If a Japanese man is fortunate enough to find a compatible wife, don’t automatically assume that he’ll live the rest of his life in appreciation. Many Japanese men treat their wives like a ‘live-in’ cooking and cleaning service- only they don’t have to pay them. Furthermore, cheating on your wife is nothing to be frowned upon; a practice that is as common today as it was when Japanese men would spend every available hour and dollar on their favourite local Geisha.

My friends and I met one such interesting character- a womanizing and neglectful husband of the highest degree. His name is Isaka-san, a middle-aged man with a smooth, round face and glasses far too hip for his graying complexion. He, who not only has an interest in women who aren’t his wife, but also in foreigners, happened to be frequenting the same ‘middle of nowhere’ Japanese bar where we found ourselves one evening.

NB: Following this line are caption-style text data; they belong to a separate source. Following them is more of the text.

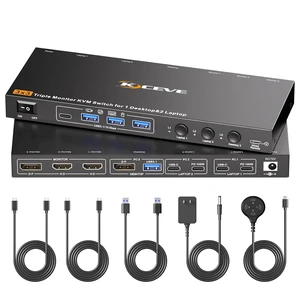 KVM Switch 3 Monitors 3 Computers USB C, KVM Switch for 2 Laptops&1 Desktop KVM Switch 3 Monitors 3 Computers USB C, KVM Switch for 2 Laptops&1 Desktop
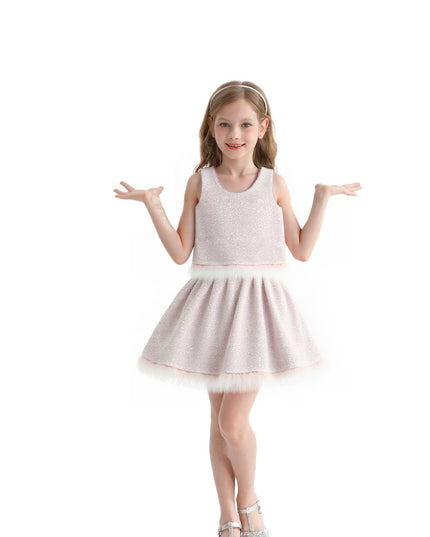 kids atelier tulleen Pink Sequin Feather-Trim Set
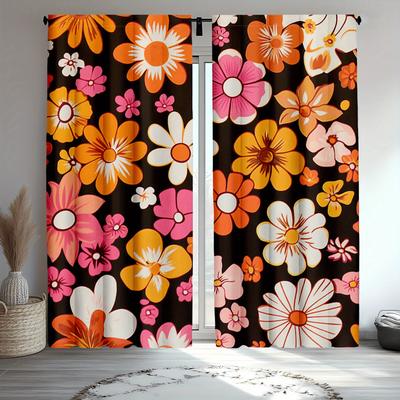 Boho Retro Flower Window Treatments Vintage Floral Design Bedroom Kitchen Groovy Aesthetic Curtains Set Of 2 Made Polyester Decor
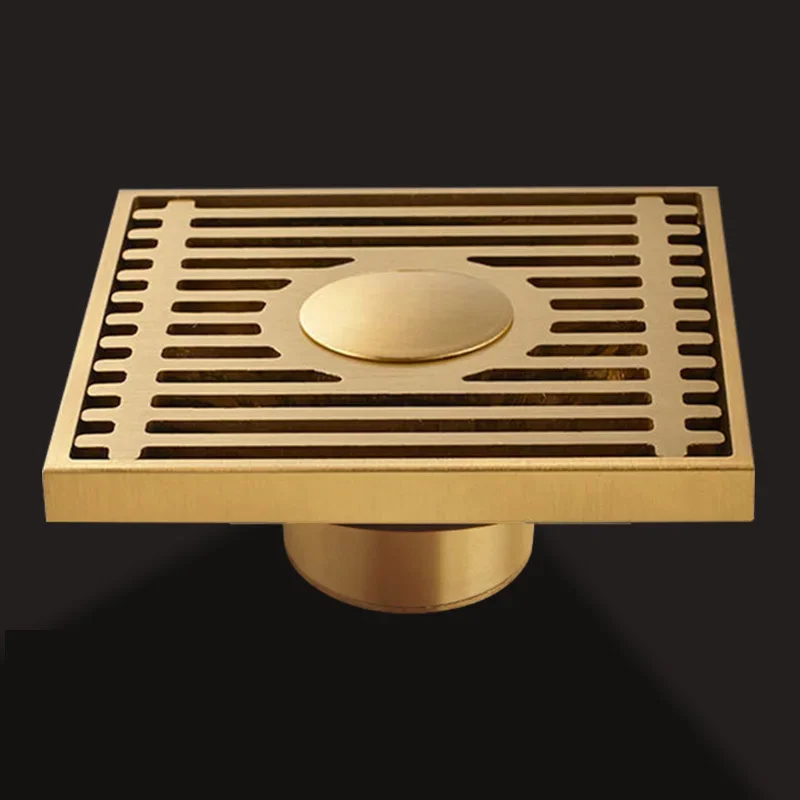 Desagüe de suelo dorado de 10x10cm, drenaje grueso de latón para prevención de olores, ducha, baño, balcón, lavadora, desagüe de suelo: Morado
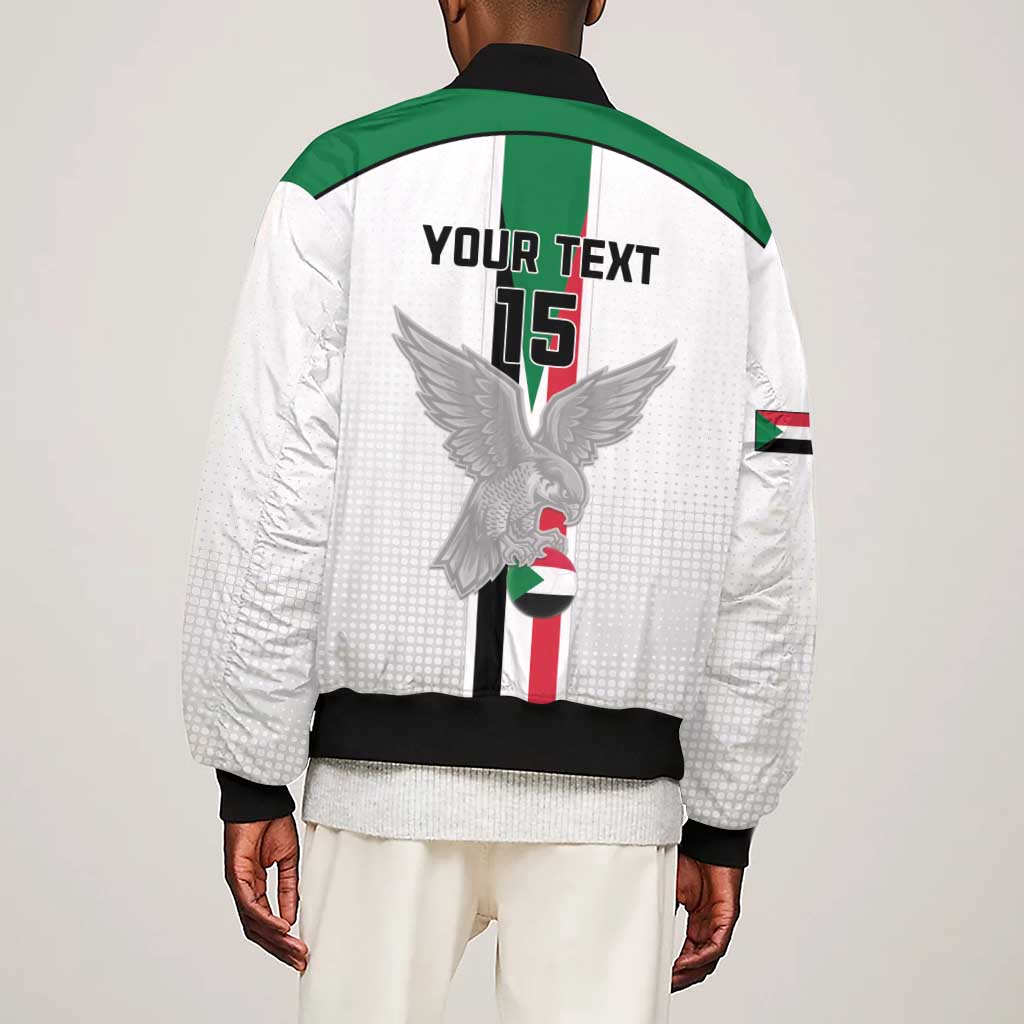 Afro Sudan Football Custom Sleeve Zip Bomber Jacket Come On Falcons of Jediane - African Pride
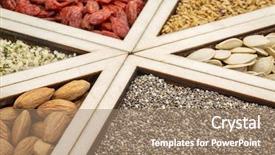  Presentation with seed - Colorful theme enhanced with seeds dried goji berries golden backdrop and a coral colored foreground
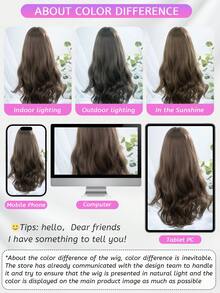 alicegarden 1 合成耐热假发，黑棕色卷发假发，带刘海，24 英尺长，由纤维制成，适合日常使用，自然仿真假发 - 棕色 - 查看 8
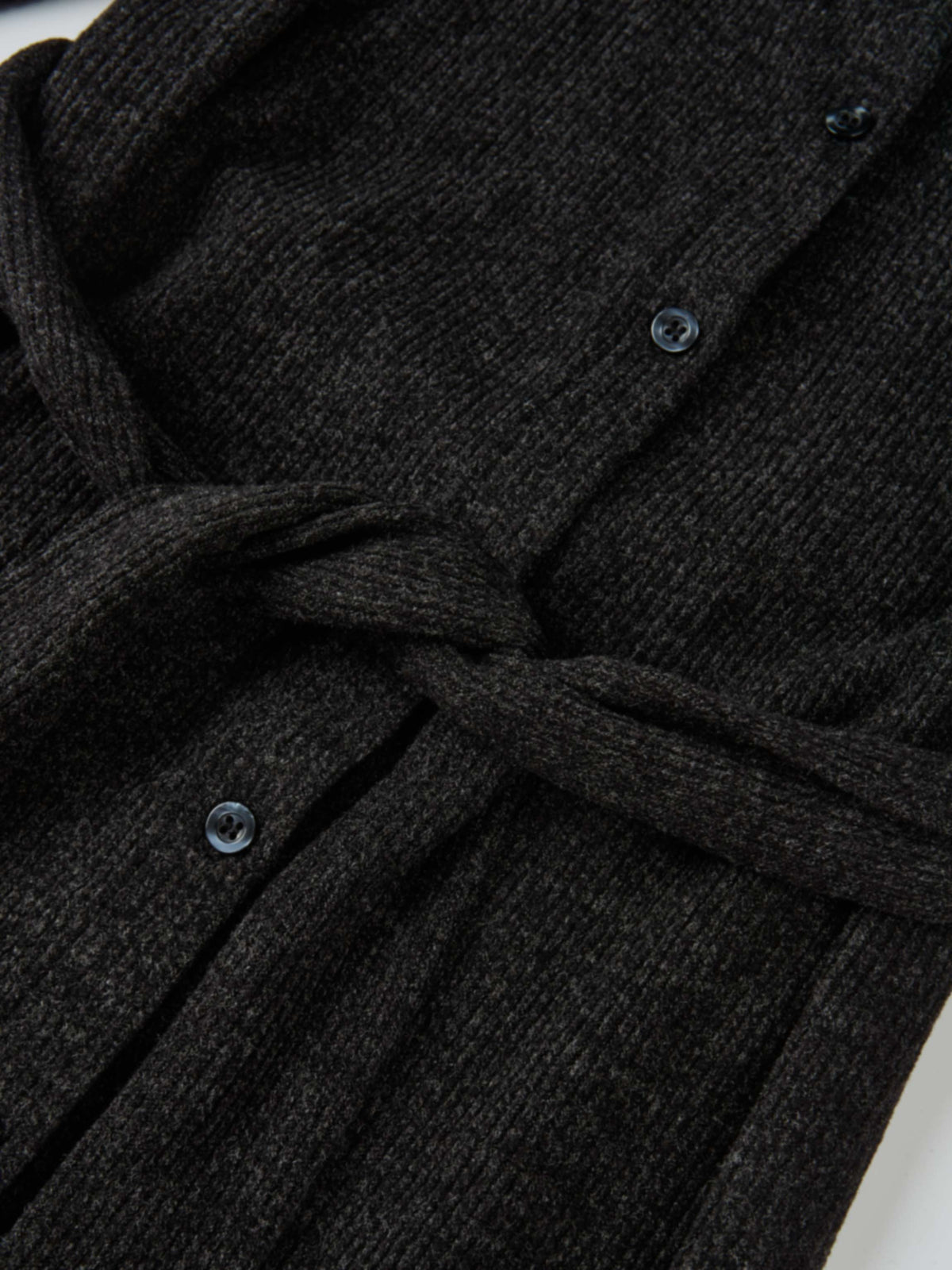 Soft Ribbed Shirtdress - Charcoal Grey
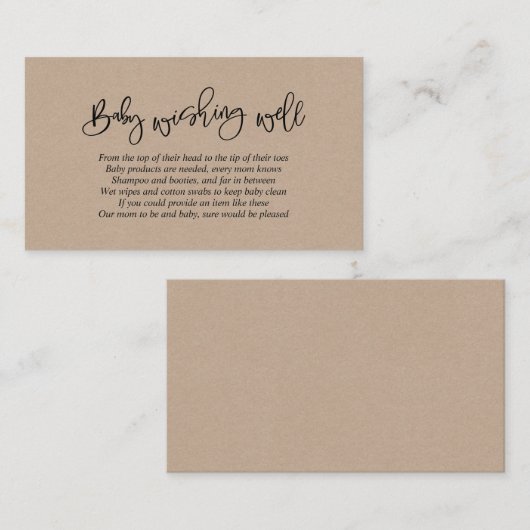 baby shower, goed wensen, creatief Kraft-script Informatiekaartje (Voorkant / Achterkant)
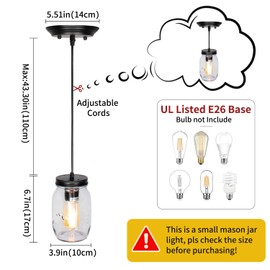 Mason Jar Light Fixtures, Farmhouse Pendant Light, Farmhouse Kitchen Island Lighting, Adjustable Hanging Pendant Lighting for Kitchen Foyer Hallway Dining Room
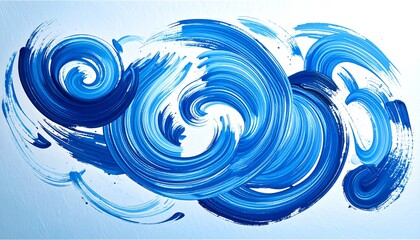 Abstract swirls of vibrant blue paint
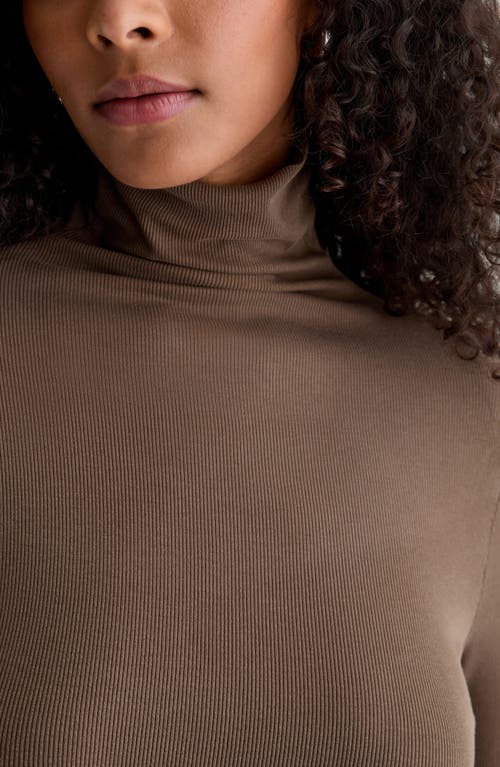 Ag The Chels Long Sleeve Ribbed Turtleneck In Brown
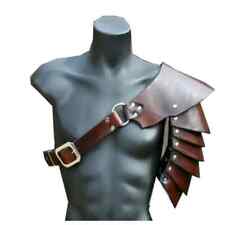 The Medieval Spaulder Armor SCA Articulated Pauldron Cosplay Genuine Leather picture
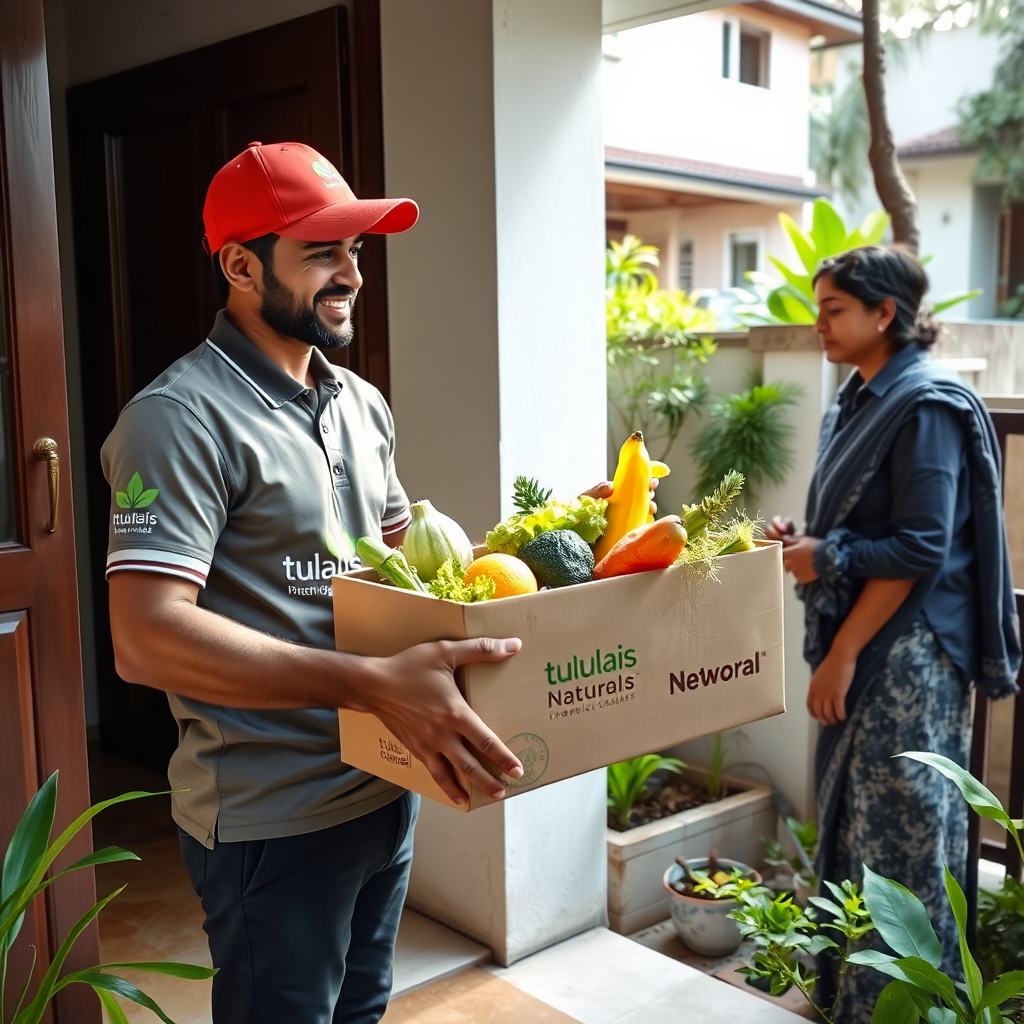 A delivery person in a Tulasi Naturals branded uniform delivering a box of fresh organic produce to a customer at their doorstep. The scene is set in a residential neighborhood in Vizag. The lighting is natural and inviting, emphasizing the convenience of the delivery service. The style is friendly and efficient.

Isaka-san was in this small town bar, not with his spouse, but with his girlfriend, making absolutely no attempt to hide the fact that he is having an affair. His wife, who was probably at home picking the lint out of the tatami mats, is likely aware of his indiscretion, being that word travels fast in a small town (especially when you meet your lover at the only bar for miles!). However, she would have little say in the matter. After meeting people like Isaka-san, one gets the impression that being in a Japanese marriage can, in many instances, be a lot like being a gay man in the U.S. military; in other words, ‘Don’t Ask, Don’t Tell’.

Isaka-san, whose sexual preference we of course questioned after he behaved like most drunken Japanese males, spent the rest of the evening buying us food and drinks and bragging about his many exploits with lady friends. His girlfriend, who was half his age, was more excited than a dog in heat to be sitting beside her ‘man.’ At one point, and this is no word of a lie, she pulled out his bottle of Viagra from her purse and proudly showed us the blue pills which turn Isaka-san into a regular Don Juan. Ohhh… isn’t love adorable! Kids these days….

And this, in addition to the fact that men in the countryside will urinate wherever and whenever nature calls, has been a nutshell description of the typical Ibaraki man.

To give you an idea of just how fascinated the Japanese are with comics, I have attached a few pictures taken from a series of history text books found in one of my school’s classrooms. To make history more digestible for students, the history curriculum involves this series of comic-book texts, displaying, in drawings and small dialogue bubbles, the history of Japan. And, of course, I wouldn’t attach just any boring old picture- but drawings of the important, mythical creators of Japan - having cartoon sex! Ain’t learnin’ fun these days!!